Mark Sandlin writes for Sojourners magazine. In one of his columns, he listed ten things Christians can’t say while following Jesus. I’m going to steal a few of his “Niagara Falls” moments for the faithful, and then add one of my own. 

Everything happens for a reason. 

Sandlin says this is a very specific understanding of how God interacts with the world, directing everything. God must have a reason for mass murders and for other senseless acts of violence. 

If you stub your toe on the doorframe, Sandlin says, it must be because God wanted you to smite your toe. 

This way of seeing God turns us into puppets. We’re all God’s little playthings who don’t have any free will. Sandlin asks, “Do you really think a god needs toys? If so, do you really think we’re the best toys God could make to play with?” 

God needed another angel. 

Rather than speak for my own painful personal experience hearing this offered as supposed words of comfort, I’ll just quote Sandlin. 

God loves you. God loves your loved ones. God is coming for your loved ones. You think it hurt when God smote your toe? Just wait ’til God rips out your heart. But it’s OK. They needed another angel in heaven. 

See? All better! 

Really? No, of course not. Now that you understand what you’re saying, can we just stop it? 

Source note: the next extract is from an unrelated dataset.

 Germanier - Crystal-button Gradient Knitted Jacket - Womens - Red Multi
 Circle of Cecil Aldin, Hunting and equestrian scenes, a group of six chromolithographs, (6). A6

There, but for the grace of God, go I. 

Sandlin asked, 

How about walking in the shoes you’re grateful not to be in for just a minute? Are they where they are because they lack the grace of God that others receive? Does God pick and choose whom grace lands upon, intentionally withholding it from some people? 

I know that people who say this don’t mean it that way, but that’s what they’re saying—even if indirectly. Feel free to be thankful for where you are, but let’s stop heaping coals on other people shoulders—even if unintentionally. 

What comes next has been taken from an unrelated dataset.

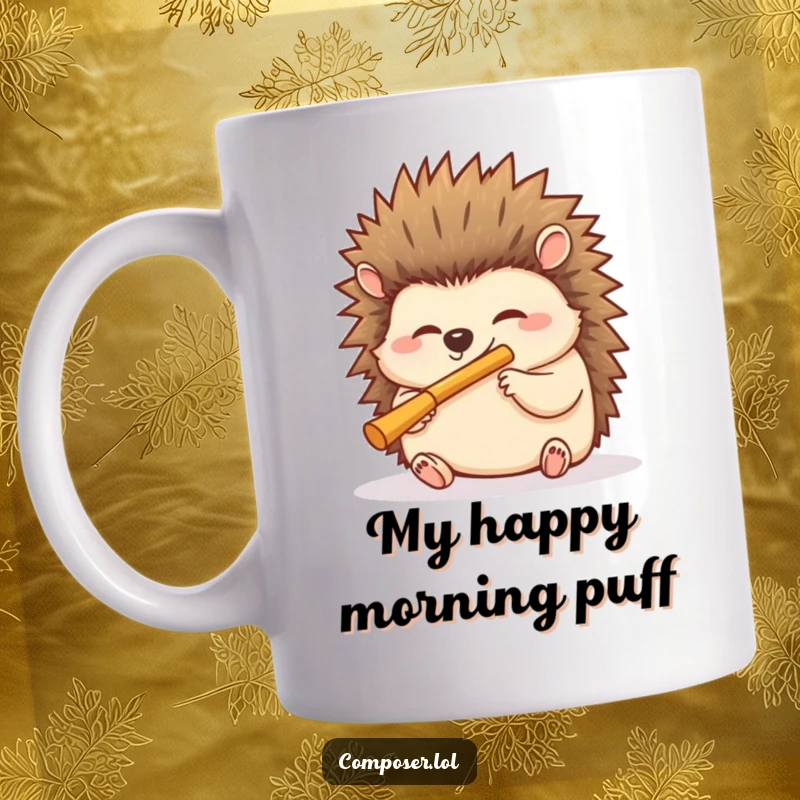 Funny hedgehog mug with a giggling expression, blowing into a miniature flute with delight, a cheerful and musical creature.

Here are three words I’d like to add to Sandlin’s list: “I don’t care.” 

“I don’t care” has become a common non-answer to almost any kind of question—where to eat, what to watch on television, or how to rearrange the furniture. 

Lots of times, “I don’t care,” really means, “I don’t have an opinion—but I know you do.” 

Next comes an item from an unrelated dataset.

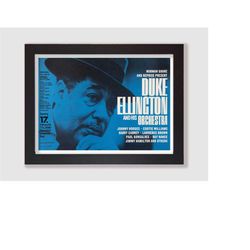 framed duke ellington german concert poster print / jazz wall art / poster / jazz print / wall decor / big band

“I don’t care” can also mean, “What you’re asking me doesn’t really matter to me.” I truly don’t care, for example, who wins the World Cup, though some certainly do. 

Sadly enough, there are people who truly don’t care about anything or anyone other than themselves. Other people’s problems are… Well, other people’s problems. They might even go so far as to say, paraphrasing a popular turn of phrase, “It stinks to be you.” 

People can go through life with that kind of nasty, selfish attitude until they are the “you” in “It stinks to be you.” Then, suddenly, “I don’t care,” is the last thing they want to hear. 

All of which brings us to our scripture lesson today. In it, the disciples accuse Jesus, of all people, of not caring about them. 

As chapter 4 of Mark’s gospel opens, it’s been another busy day of teaching for Jesus. The crowds are so large there along the Sea of Galilee that he’s forced into a boat and speaks, a short distance offshore, all day long. 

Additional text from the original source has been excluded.